### TASK GOAL
In the entries below, find the line with "Zalety korzystania z" and the line with "SC strikes down"; give again those lines and every line between them, exactly.

### DATASET RECORDS

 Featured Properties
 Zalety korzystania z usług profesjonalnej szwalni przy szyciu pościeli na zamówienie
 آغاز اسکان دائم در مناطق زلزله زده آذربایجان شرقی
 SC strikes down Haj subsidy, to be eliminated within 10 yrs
* * *
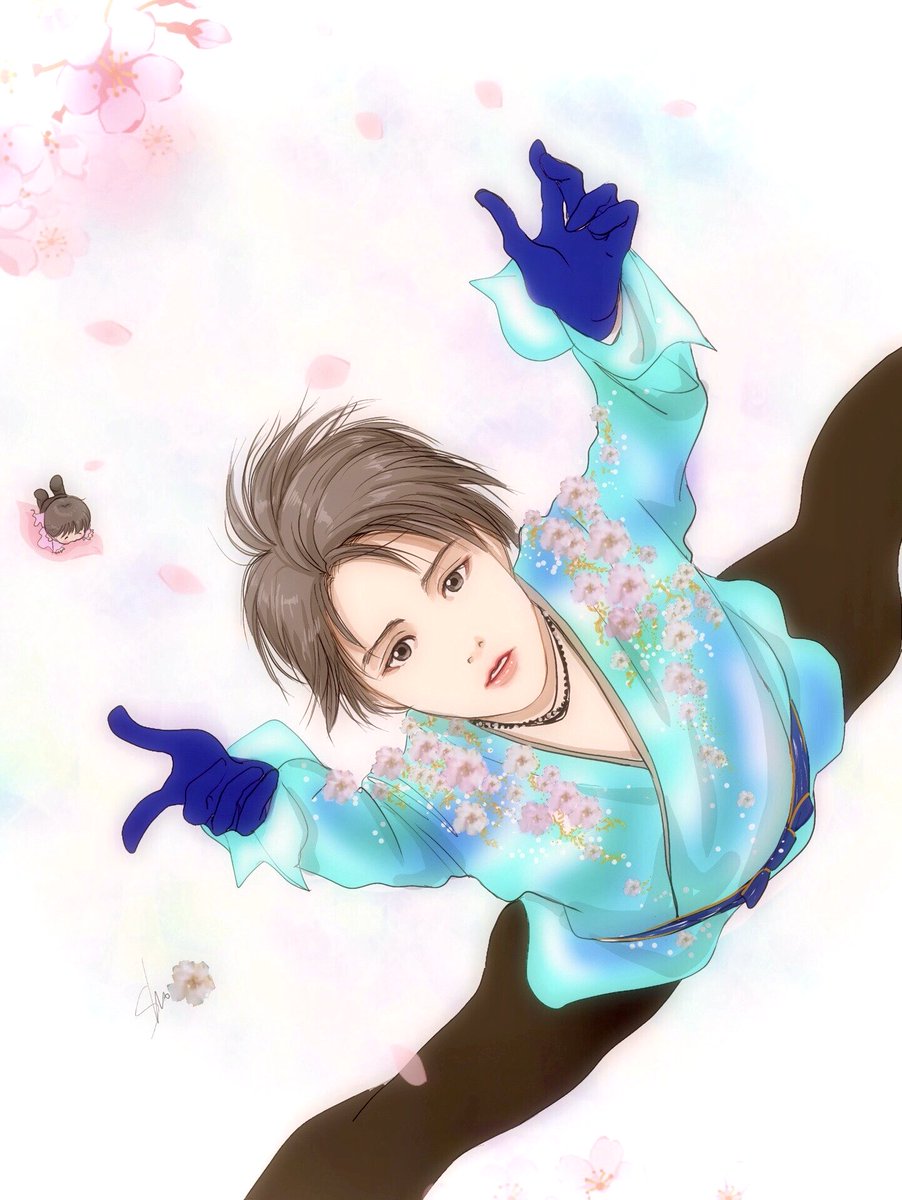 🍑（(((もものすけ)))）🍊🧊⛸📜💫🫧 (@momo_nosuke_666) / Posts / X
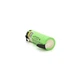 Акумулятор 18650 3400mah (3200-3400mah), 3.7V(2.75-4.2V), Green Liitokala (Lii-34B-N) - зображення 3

### WRITTEN ANSWER
 Zalety korzystania z usług profesjonalnej szwalni przy szyciu pościeli na zamówienie
 آغاز اسکان دائم در مناطق زلزله زده آذربایجان شرقی
 SC strikes down Haj subsidy, to be eliminated within 10 yrs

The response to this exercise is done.